PERAN KOMNAS HAM DALAM
PEMAJUAN DAN PERLINDUNGAN HAK ASASI MANUSIA DI INDONESIA
A. Peranan Komnas HAM berdasarkan Undang-Undang Nomor 39
Tahun 1999 tentang Hak Asasi Manusia.
1.
Latar
Belakang/Sejarah Pembentukan Komnas HAM
Setiap orang mempunyai hak untuk menikmati kehidupannya
serta tumbuh dan berkembang dalam berbagai kehidupannya yang aman, tenteram,
damai dan sejahtera.
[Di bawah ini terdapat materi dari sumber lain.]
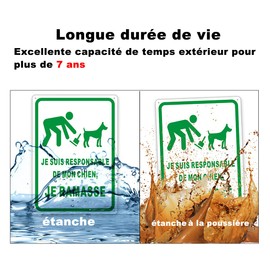 2-piece cleaning after your dog 25 x 35 cm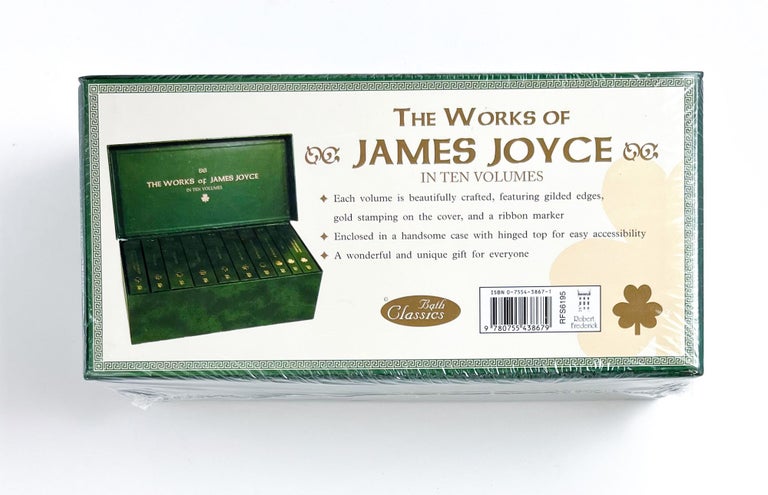 THE WORKS OF JAMES JOYCE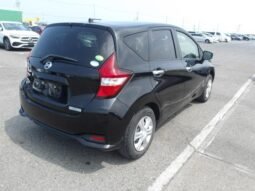 Nissan Note 2018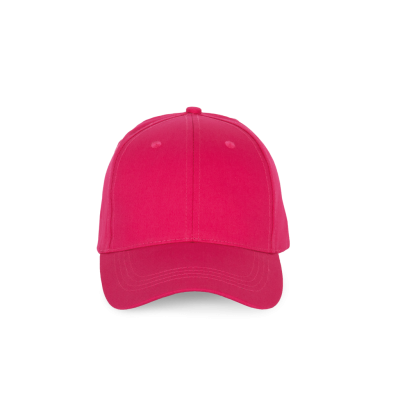 6-panel cap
Oleh karena itulah manusia sebagai ciptaan Tuhan Yang Maha
Esa dikaruniai seperangkat hak yang melekat kepadanya yang wajib dihormati,
dijunjung tinggi dan dilindungi oleh negara, hukum, Pemerintah dan setiap orang
demi untuk penghormatan dan perlindungan harkat dan martabatnya sebagai seorang
manusia.
Akan tetapi, pada kenyataannya sejarah bangsa Indonesia
telah mencatat berbagai penderitaan, kesengsaraan dan kesenjangan sosial, yang
disebabkan oleh perilaku tidak adil dan diskriminatif atas dasar etnik, ras,
warna kulit, budaya, bahasa, agama, golongan, jenis kelamin, dan status sosial
lainnya. Perilaku tidak adil dan diskriminatif tersebut merupakan pelanggaran
hak asasi manusia baik yang bersifat vertikal (dilakukan oleh negara terhadap
warga negara) maupun horizontal (dilakukan oleh antar warga negara), dan bahkan
sebagian pelanggaran hak asasi manusia tersebut masuk dalam kategori
pelanggaran hak asasi manusia yang berat (gross violation of human rights).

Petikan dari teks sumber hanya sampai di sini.